"Israel is a sovereign nation and every sovereign nation has the right to defend itself and protect itself. Israel will do that. It must do that," Hagel told reporters aboard a U.S. military flight to Israel.
"Iran presents a threat in its nuclear program," Hagel said. "Israel will make the decisions that Israel must make to protect itself and defend itself."
Iran insists its nuclear program is peaceful and denies trying to build nuclear weapons.
"Military options, I think most of us feel, should be the last option," Hagel said. "If that is an option that's required, then we'll have to make that decision.
"But I think it's our sense -- the United States and many of our allies -- that these other tracks do have some time to continue to try to influence the outcome in Iran," Hagel said.
Hagel acknowledged Sunday there "may well be some differences" between Washington and Jerusalem on the timeline in which Iran might develop nuclear weapons.
But he said there was "no daylight there at all" between the two countries on the goal of preventing Iran "from acquiring that nuclear capacity."
A senior defense official traveling with Hagel told The Wall Street Journal Washington remained "concerned about the unintended consequences of a prospective Israeli strike on Iran" and said Hagel was "very aware" of those concerns.
During a two-day visit, Hagel was to meet with Israeli Prime Minister Binyamin Netanyahu and new Defense Minister Moshe Yaalon for talks about threats posed by Iran's nuclear program and about Syria's civil war.
He also was to meet with Israeli President Shimon Peres to discuss military issues and ways of advancing the Israeli-Palestinian peace process.
Hagel had dinner with Yaalon Sunday night after visiting Jerusalem's Yad Vashem Holocaust memorial museum.
Hagel told reporters as he flew to Israel he intended to offer to sell Israel new, advanced weapons that could make an attack on Iran more decisive.
These include V-22 Osprey tilt-rotor aircraft, which can transport troops and patrol borders and nearby seas, and KC-135 Stratotanker aerial refueling military aircraft, as well as anti-radiation missiles and advanced radar for Israeli fighters.
The Pentagon said Friday it was finalizing the deal.
The KC-135s could be especially useful in the event of an Israeli strike on Iran because the tankers would let Israeli warplanes travel longer distances than they could earlier, the Journal said.
Experts have long said Israel's lack of ample refueling capacity was a key obstacle to an effective Israeli strike on Iran.
Washington has not offered to sell Jerusalem the 30,000-pound Massive Ordinance Penetrator, the biggest "bunker buster" bomb the U.S. Air Force has, U.S. and Israeli officials told the Journal.

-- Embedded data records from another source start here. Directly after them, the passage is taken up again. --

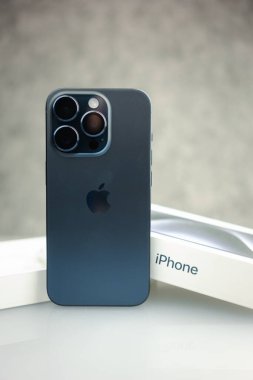 Bangkok, Tayland - 15 Ekim 2023: Yeni iPhone 15 profesyonel mavi titanyum 48 megapiksel ana kamera ve modern tasarım, 2023 yılında yeni akıllı telefonu hizmete sokun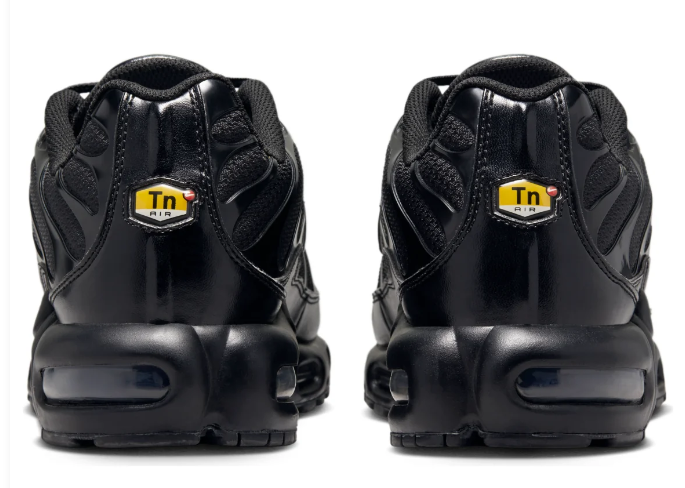 Nike Air Max Plus Triple Black | Midnight Structure
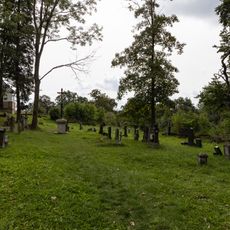 Centrální kříž na hřbitově ve Skokách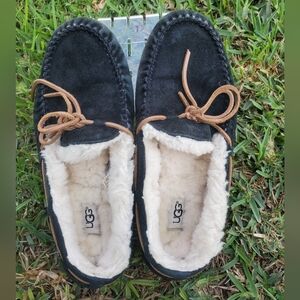 UGG Black Shearling-Lined Slip-On Slipper Size 9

The bomb is designed specifically to take out hardened targets and targets buried deep underground -- like what the West says Iran built to protect its nuclear program from an Israeli strike.
Hagel said the prospective weapons sales served as "another very clear signal to Iran" a military option was really on the table.
The sales to Israel are expected to be part of a broader preliminary $10 billion package that also would provide more advanced air-to-ground missiles to U.S. Persian Gulf allies Saudi Arabia and the United Arab Emirates.
The UAE will be allowed to purchase some two dozen F-16 Fighting Falcon warplanes, and both Saudi Arabia and the emirates will be allowed to buy precision air-to-ground missiles.
Hagel also plans to visit Saudi Arabia and the UAE this week, as well as Jordan and Egypt.